Não apenas não consegui tornar-me cruel, como também não consegui me tornar nada; nem mau, nem bom, nem canalha, nem homem honrado, nem herói, nem inseto. Agora vivo no meu canto, provocando a mim mesmo com a desculpa rancorosa e inútil de que o homem inteligente não pode seriamente se tornar nada, apenas o tolo o faz. Sim, senhores, o homem do século XIX que possui inteligência tem obrigação moral de ser uma pessoa sem caráter; já um homem com caráter, um homem de ação, é de preferência um ser limitado. Essa é a minha convicção aos quarenta anos. Tenho agora quarenta.
E quarenta anos é toda uma vida, é a velhice mais avançada. Depois dos quarenta é indecoroso viver, é vulgar, imoral! Quem vive além dos quarenta? Respondam-me sincera e honestamente. Pois vou lhes dizer quem vive: os tolos e os canalhas. Direi isso na cara de todos os anciãos, dos anciãos respeitáveis, perfumados e de cabelos brancos! Direi isso na cara de todo mundo! Tenho direito de dizer isso porque eu mesmo vou viver até os sessenta. Até os setenta! Até os oitenta! Esperem! Deixem-me tomar fôlego!
Acaso os senhores estão pensando que quero fazê-los rir? Enganaram-se também quanto a isso. Não sou absolutamente esse sujeito brincalhão que os senhores imaginam, ou que talvez os senhores imaginem. Aliás, se os senhores, irritados com toda essa tagarelice (eu já senti que estão irritados), inventarem de me perguntar: quem é o senhor, exatamente? - eu lhes responderei: sou um assessor colegial. Eu tinha esse emprego para ter alguma coisa para comer (mas somente para isso) e quando, no ano passado, um dos meus parentes distantes deixou-me seis mil rublos no seu testamento, imediatamente me aposentei e mudei para este canto.
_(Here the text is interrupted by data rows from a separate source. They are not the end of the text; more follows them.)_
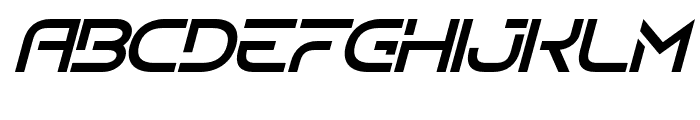 Ganter DemoSlant Font UPPERCASE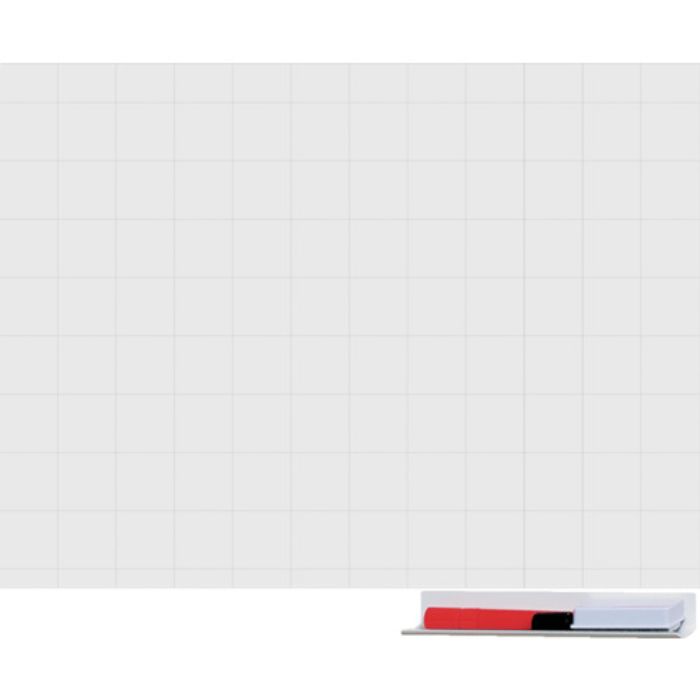 TRUSCO 吸着ホワイトボードシート暗線入 450×600×1.0(Tcode:3820200)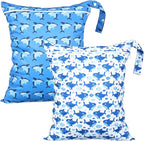Shappy 2 Pcs Large Travel Laundry Bag Washable Waterproof Wet Dry Large Dirty by Shappy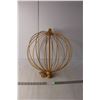 Image 1 : Wood Hanging Decor 17" Diameter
Meu quarto é detestável, nojento e fica quase fora da cidade. Já vivia aqui antes, mas agora me instalei definitivamente. Minha criada é uma mulher da aldeia, velha, raivosa devido à ignorância e, além de tudo, tem um fedor insuportável. Dizem que o clima de Petersburgo está se tornando prejudicial para mim e que, com os recursos insignificantes de que disponho, é muito caro viver aqui. Sei de tudo isso melhor do que esses conselheiros e protetores experientes e sábios. Mas permaneço em Petersburgo; não vou sair de Petersburgo! Não vou sair porque...Ora! Não faz diferença nenhuma se vou sair ou não.
Mas sobre o que um homem de bem pode falar com mais satisfação?
Resposta: sobre si mesmo.
Então, vou falar sobre mim.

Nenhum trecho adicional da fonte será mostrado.